[Pixman] [PATCH 2/2] ARM: Add 'neon_composite_over_n_8888_0565' fast path

Wed Apr 6 11:34:36 PDT 2011

On Tue, Apr 5, 2011 at 7:46 AM, Taekyun Kim <podain77 at gmail.com> wrote:
> When we reorder some assembly lines, proper comments should be inserted for
> the people who tries to understand the code.
> It also make it easy later refactoring or something.

I could not come up with any better solution other than just using
different indentation for logically independent code blocks. Something
like converting:

/* do A */
A1
A2
/* 1 cycle stall */
A3
/* 2 cycles stall */
A4
/* done with A */
/* do B */
B1
B2
B3
/* done with B */

into

/* do A */
A1
A2
    /* do B */
    B1
A3
    B2
    B3
    /* done with B */
A4
/* done with A */

Of course, people reading the source code need to know about this
"convention". And it has its own disadvantages too. If anyone can
propose something more maintainable and easier to read, I'm all ears.

Maybe changing to the use of native codegenerator to compile fast path
code at runtime could make it easier. If we do a good job teaching it
to know instruction scheduling rules well enough.

> Although I still have some questions about effectiveness of reordering(SW
> pipelining) on out-of-order core,

We don't have Cortex-A15 in our hands yet, so we don't know for sure
:) Cortex-A9 has almost the same NEON unit as Cortex-A8, but does not
support even limited dual issue for NEON instructions anymore. There
are also other minor differences, mostly related to load/store
instructions but they very rarely show up.

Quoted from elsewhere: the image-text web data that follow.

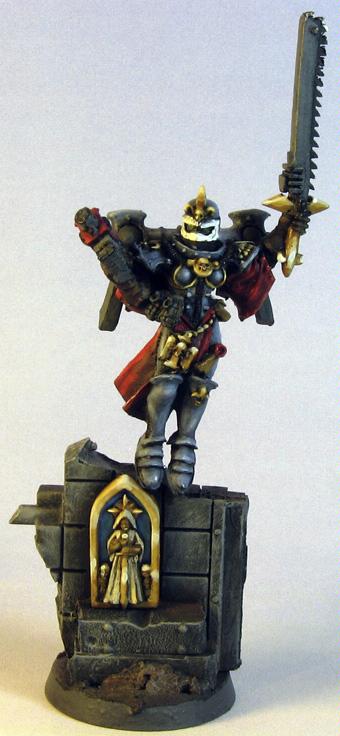 Non-Metallic Metal, Sisters Of Battle, Urban Base, Witch Hunters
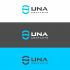 Логотип для UNA Company и UNA Contact - дизайнер markosov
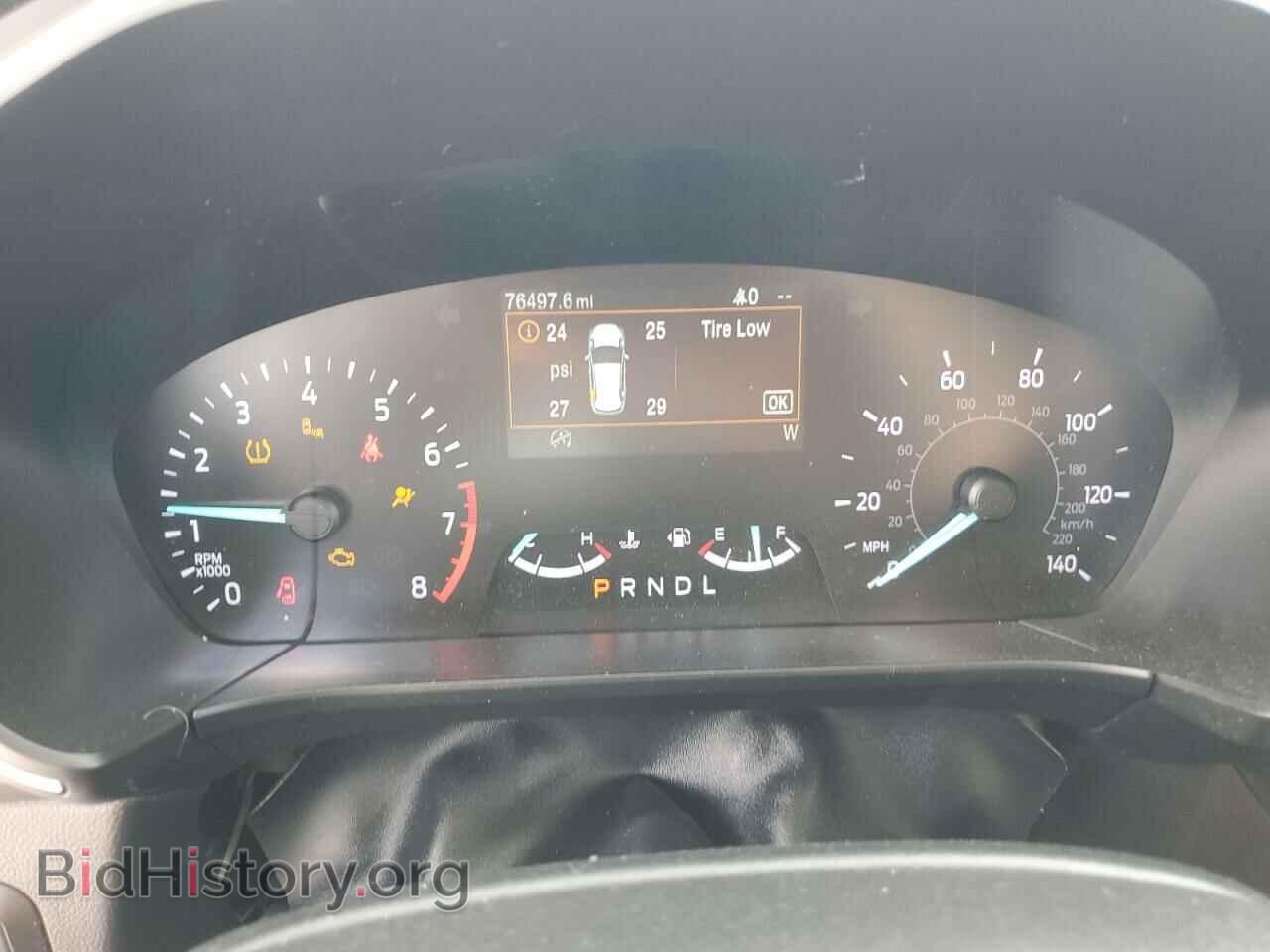 2020 FORD ESCAPE - VIN: 1FMCU0G64LUC41645 - Фото 9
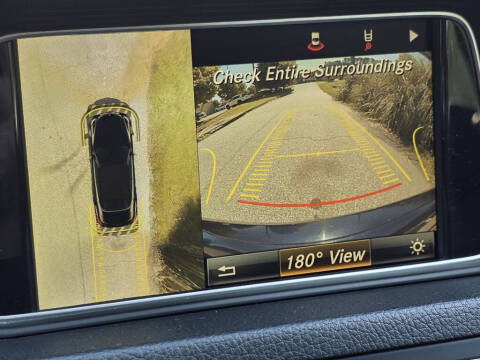 2016 Mercedes-Benz E-Class E 400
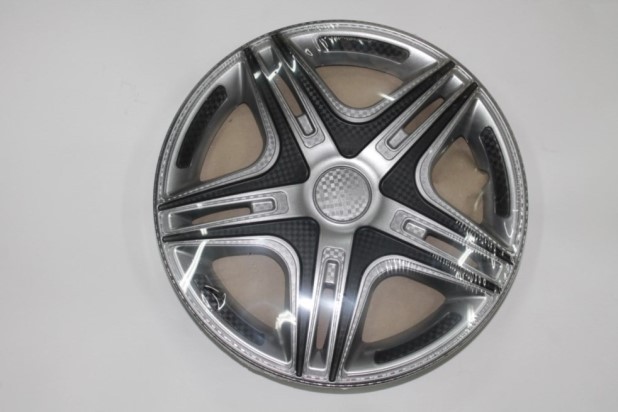 Колпаки 15 Дакар Super Silver
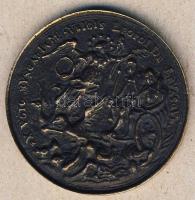 1688. "Székesfehérvár visszavétele-I.Lipót" Br későbbi utánveret T:1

> it significantly affects the performance on mostly used in-order superscalar
> CPUs.

Yes, and the results are quite measurable (tens of percents in many cases).

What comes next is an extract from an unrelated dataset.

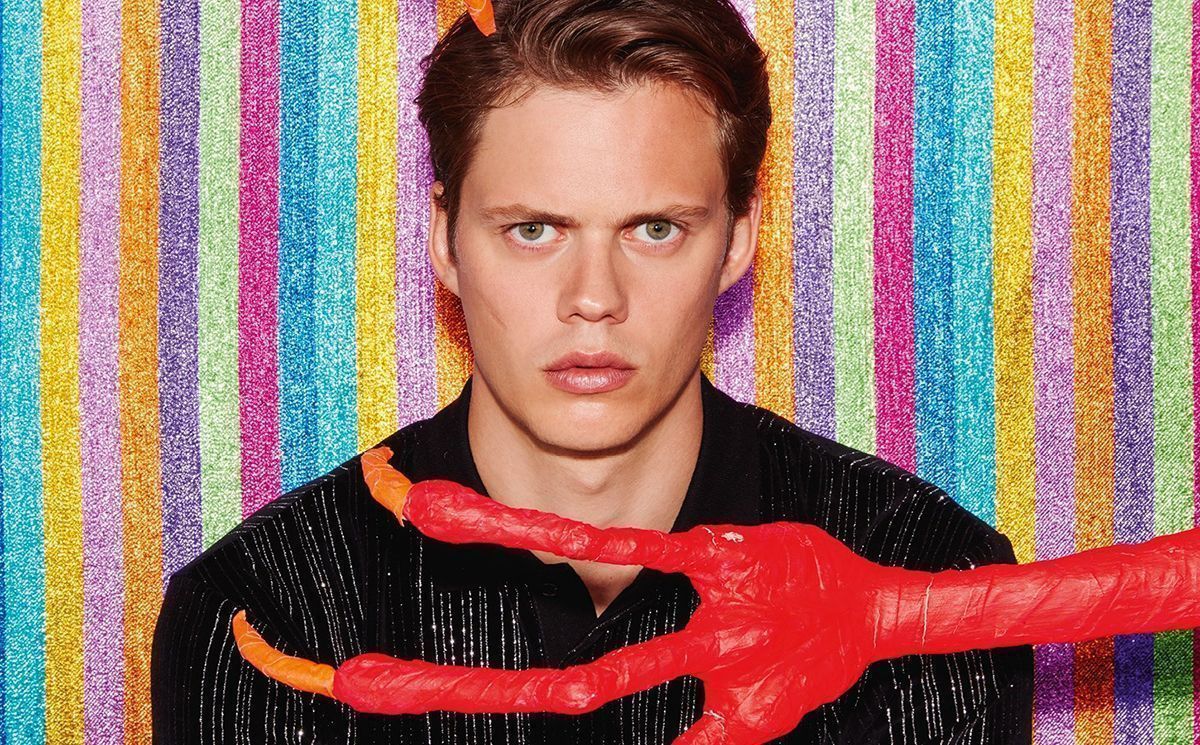 Bill Skarsgård opowiada o usuniętej scenie z „To”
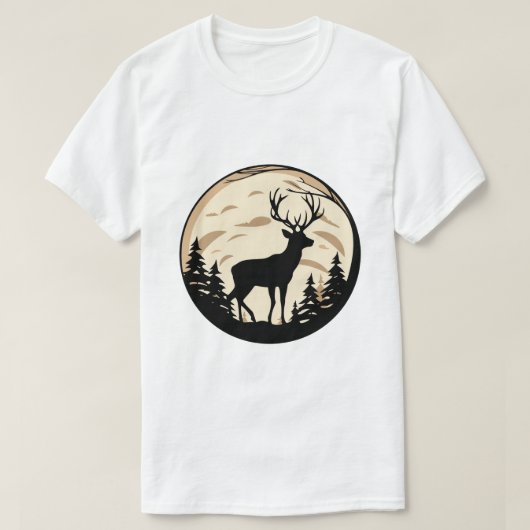 AI-Logo T-Shirt (Design vorne)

> And pixman_composite_over_n_8888_0565_ca_process_pixblock_head in tail_head
> block increases code size causing i-cache miss.
> We can think of jumping to head and then return to next part of tail_head
> block.
> But it seems difficult to do that without breaking
> generate_composite_function macro template.

The whole point of the use of software pipelining here is being able
to overlap the last part of previous iteration with the beginning of
current iteration. Jumping to "head" does not make much sense because
the instructions from "head" and "tail" can be reordered quite wildly,
diffusing into each other, so there is no clear border anymore.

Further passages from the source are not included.